I use an electric stirrer to mix pigment/gum solutions. My stirrer is not
designed for mixing drinks, it's for laboratory use. It's a Nuova 7
Stirrer, model # S-18525, manufactured by Thermolyne Corporation. My wife
rescued it from the trash when she worked for a large corporation in their
R&D department. It's easy to use. Simply drop a plastic-coated magnet into
the solution to be mixed, place the container on the stirrer and turn it on.
An offset magnet spins on a turntable underneath the top plate, causing the
magnet in the solution to tumble. Speed can be adjusted from very slow to
very fast.
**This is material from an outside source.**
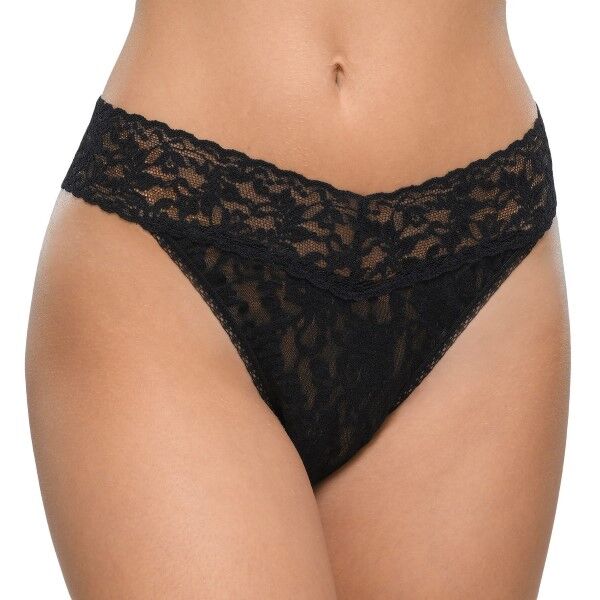 Hanky Panky Original Rise Thong - Black  - Size: 4811 - Color: musta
It's convenient to just turn it on and return 10-20-30 minutes
later.
Some dry pigments I use for tricolor:
Block X Yellow - 1g/50ml
Block X Rose Madder - 1g/60ml
Winsor Newton Winsor Blue - 1g/130ml
I often use Cyanotype to print the Cyan image, followed by Yellow and Rose
Madder. I've used a variety of other pigments from other manufacturers.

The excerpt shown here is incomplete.